# Prompt
Quote the entries below from the line with "Un ours polaire" through the line with "Fresh red raspberry", both ends included, and only those lines.

# Dataset records

⟨

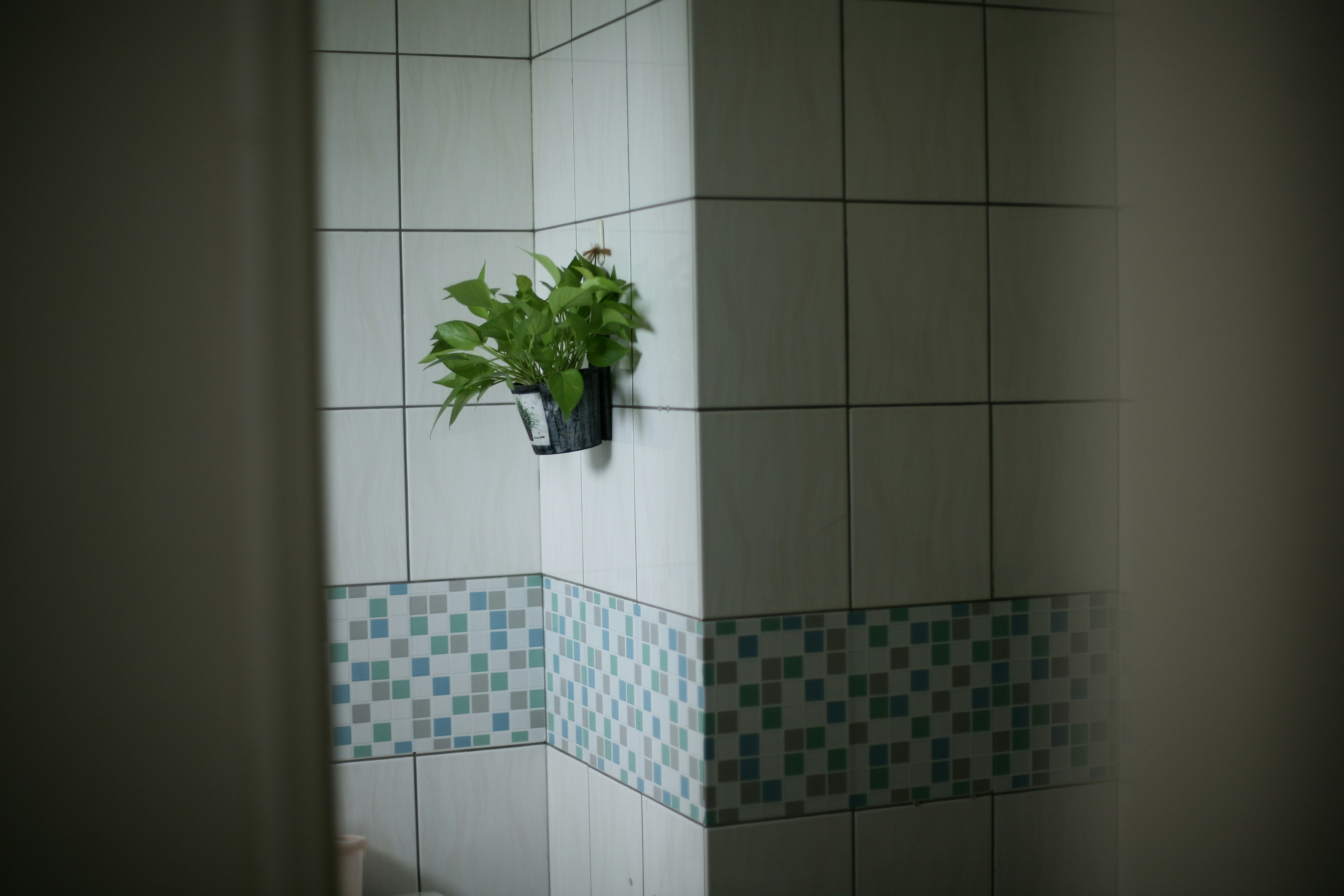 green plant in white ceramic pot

⟩
⟨

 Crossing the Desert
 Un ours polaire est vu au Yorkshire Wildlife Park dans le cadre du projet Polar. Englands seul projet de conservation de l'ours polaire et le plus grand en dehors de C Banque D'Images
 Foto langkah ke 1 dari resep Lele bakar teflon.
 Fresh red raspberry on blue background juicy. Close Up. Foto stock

⟩

# Result for this task
 Un ours polaire est vu au Yorkshire Wildlife Park dans le cadre du projet Polar. Englands seul projet de conservation de l'ours polaire et le plus grand en dehors de C Banque D'Images
 Foto langkah ke 1 dari resep Lele bakar teflon.
 Fresh red raspberry on blue background juicy. Close Up. Foto stock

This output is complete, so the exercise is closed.